Giving Compass' Take:

• Nonprofits need general operating funds in order to function and do the important work funders claim to want. As Vu Le writes in this Nonprofit AF post, funders need to understand that no work can be done if nonprofits cannot afford to operate. 

• How can we change the charitable culture to shift away from harmful narratives about overhead that impede nonprofits' work? What might make up the gaps in funding left by the damaging narrative of low overhead? 

• From a funder's perspective: why the Mulago Foundation provides unrestricted funding to achieve impact


General operating funds allow us nonprofits to be most effective at helping people, including saving lives. By restricting funds you are impeding our work; therefore, your philosophies and policies are causing people to get hurt and die. And that is unethical.

I know this sounds like a huge exaggeration. I wish it were.

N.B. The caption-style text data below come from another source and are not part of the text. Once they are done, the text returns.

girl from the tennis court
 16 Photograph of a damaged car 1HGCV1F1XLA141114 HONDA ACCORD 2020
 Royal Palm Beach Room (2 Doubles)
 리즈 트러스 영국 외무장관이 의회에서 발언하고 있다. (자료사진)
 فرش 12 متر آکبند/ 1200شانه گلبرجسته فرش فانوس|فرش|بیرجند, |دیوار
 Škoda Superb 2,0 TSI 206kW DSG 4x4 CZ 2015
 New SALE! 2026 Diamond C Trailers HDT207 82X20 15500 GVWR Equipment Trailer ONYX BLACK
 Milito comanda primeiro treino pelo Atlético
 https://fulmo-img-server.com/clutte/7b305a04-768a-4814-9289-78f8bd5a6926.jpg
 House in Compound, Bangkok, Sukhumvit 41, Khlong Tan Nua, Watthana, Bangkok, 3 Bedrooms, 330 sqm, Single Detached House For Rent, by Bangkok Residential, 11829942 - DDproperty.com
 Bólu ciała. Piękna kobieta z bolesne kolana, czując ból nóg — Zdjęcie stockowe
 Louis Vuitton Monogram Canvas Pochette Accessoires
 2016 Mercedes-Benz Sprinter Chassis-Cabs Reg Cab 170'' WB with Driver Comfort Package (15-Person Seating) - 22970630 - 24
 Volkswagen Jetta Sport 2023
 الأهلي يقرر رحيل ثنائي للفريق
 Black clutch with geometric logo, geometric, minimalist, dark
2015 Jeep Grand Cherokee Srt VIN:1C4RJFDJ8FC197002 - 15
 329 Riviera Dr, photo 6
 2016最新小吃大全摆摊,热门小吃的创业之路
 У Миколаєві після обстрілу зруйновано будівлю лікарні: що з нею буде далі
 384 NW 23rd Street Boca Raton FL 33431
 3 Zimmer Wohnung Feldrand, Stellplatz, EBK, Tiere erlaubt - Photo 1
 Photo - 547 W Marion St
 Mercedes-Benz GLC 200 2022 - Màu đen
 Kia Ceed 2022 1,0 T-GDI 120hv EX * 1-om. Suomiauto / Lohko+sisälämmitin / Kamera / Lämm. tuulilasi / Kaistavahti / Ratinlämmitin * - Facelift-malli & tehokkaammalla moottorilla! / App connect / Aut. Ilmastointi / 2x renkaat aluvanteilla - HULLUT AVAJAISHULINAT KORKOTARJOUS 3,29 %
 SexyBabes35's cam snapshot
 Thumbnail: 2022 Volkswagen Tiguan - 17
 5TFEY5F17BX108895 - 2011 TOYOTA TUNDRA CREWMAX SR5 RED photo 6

But this week I had a conversation with a colleague that made me realize just how serious this is.

My colleague told me that her wife, a case manager doing teen suicide prevention and other trauma work, just burned out and left the sector. The normal caseload of clients at her agency was supposed to be around 50. She had 110. She would take files home, working late into the nights, on the weekends.

The organization should have hired several more case managers. They said they would. But it never came to pass. The grueling, heartbreaking work took a toll on her (and other case managers) physically and emotionally, and she left the profession. Our field loses a brilliant and dedicated case manager, and who knows how many people’s lives were affected by her and others’ absence.

Yes, there are many variables at play here, including the agency’s decision to hire new case managers or not, to pay them fair wages or not, etc. But many of these decisions are determined, or at least greatly influenced, by the messages and the restrictions we receive from funders and donors.